Exercise: Your output must consist of the records printed verbatim, with the pictures excluded.

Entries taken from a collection
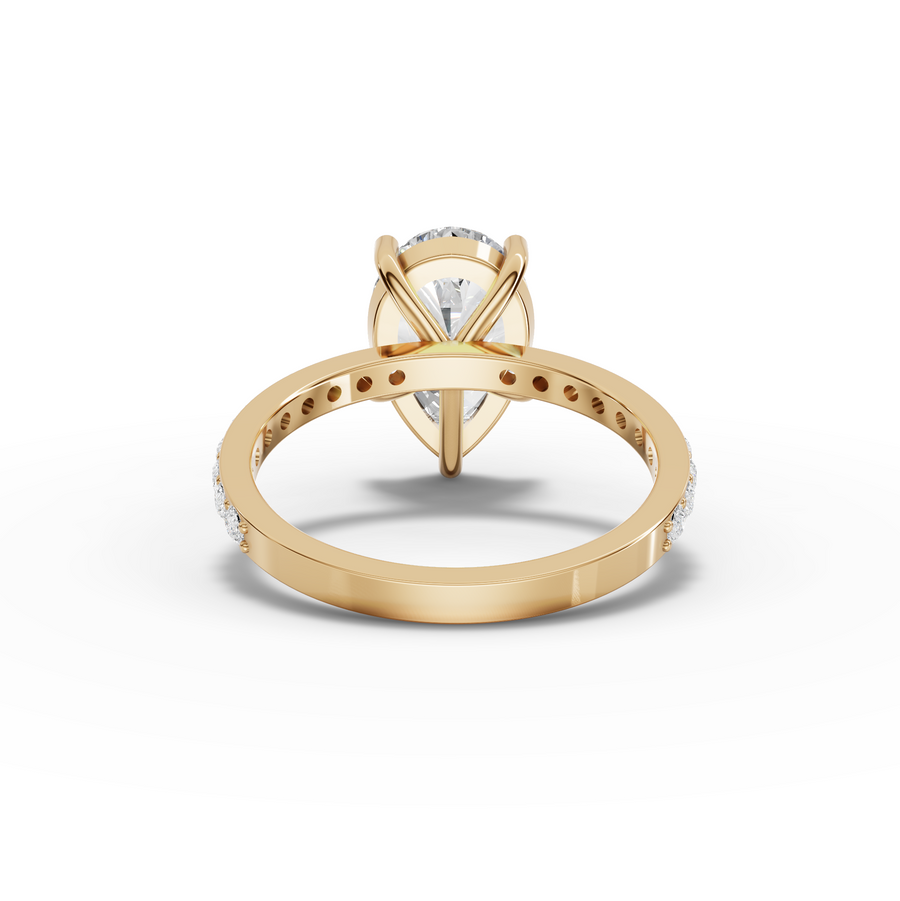 3.37 Ct Pear Solitaire Pavé Engagement Ring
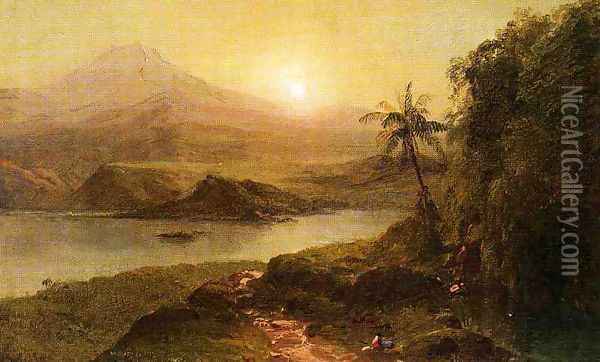 Mountain Landscape with River, Near Philadelphia Oil Painting - Frederic Edwin Church
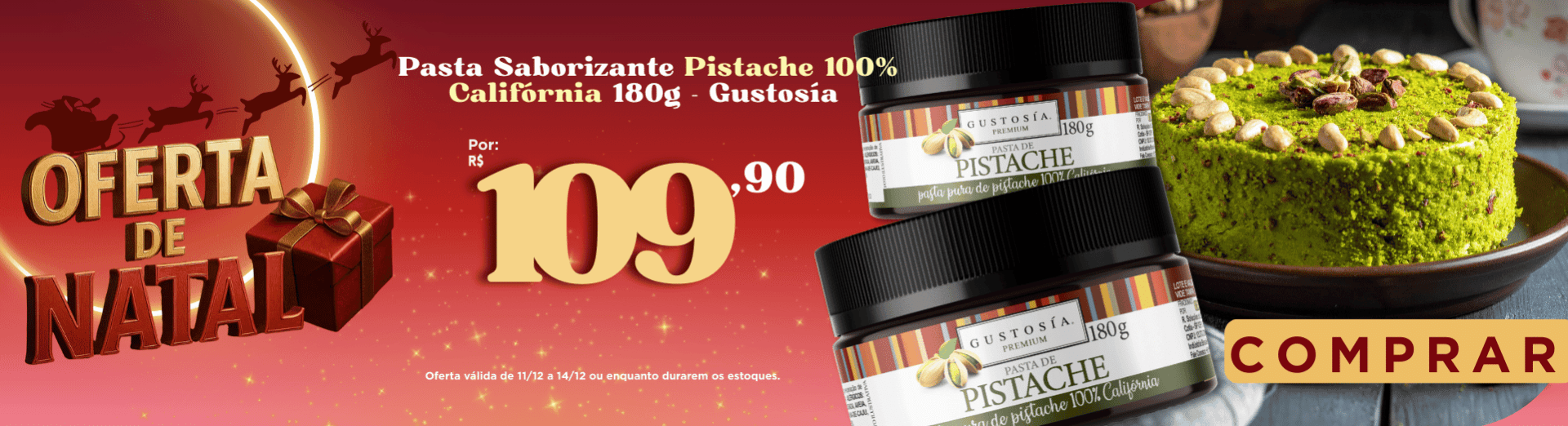 Pasta Saborizante Pistache 100% Califórnia 180g - Gustosía Premium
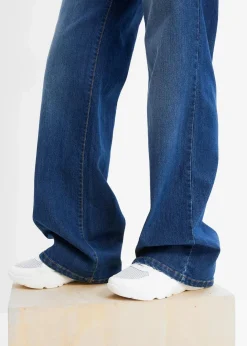 Damen bonprix Jeans|Kurzgrößen|Wide-Leg-Jeans, Mid Waist, Stretch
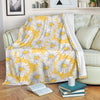 Daisy Yellow Watercolor Print Pattern Fleece Blanket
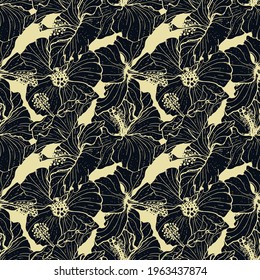 Monochrome seamless pattern with line art black hibiscus flowers, buds and leaves, with light outline. On beige background. Stock vector illustration.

Answer:
 3.37 Ct Pear Solitaire Pavé Engagement Ring
 Mountain Landscape with River, Near Philadelphia Oil Painting - Frederic Edwin Church
 Pasta Saborizante Pistache 100% Califórnia 180g - Gustosía Premium
 Damen bonprix Jeans|Kurzgrößen|Wide-Leg-Jeans, Mid Waist, Stretch
 Daisy Yellow Watercolor Print Pattern Fleece Blanket
 Monochrome seamless pattern with line art black hibiscus flowers, buds and leaves, with light outline. On beige background. Stock vector illustration.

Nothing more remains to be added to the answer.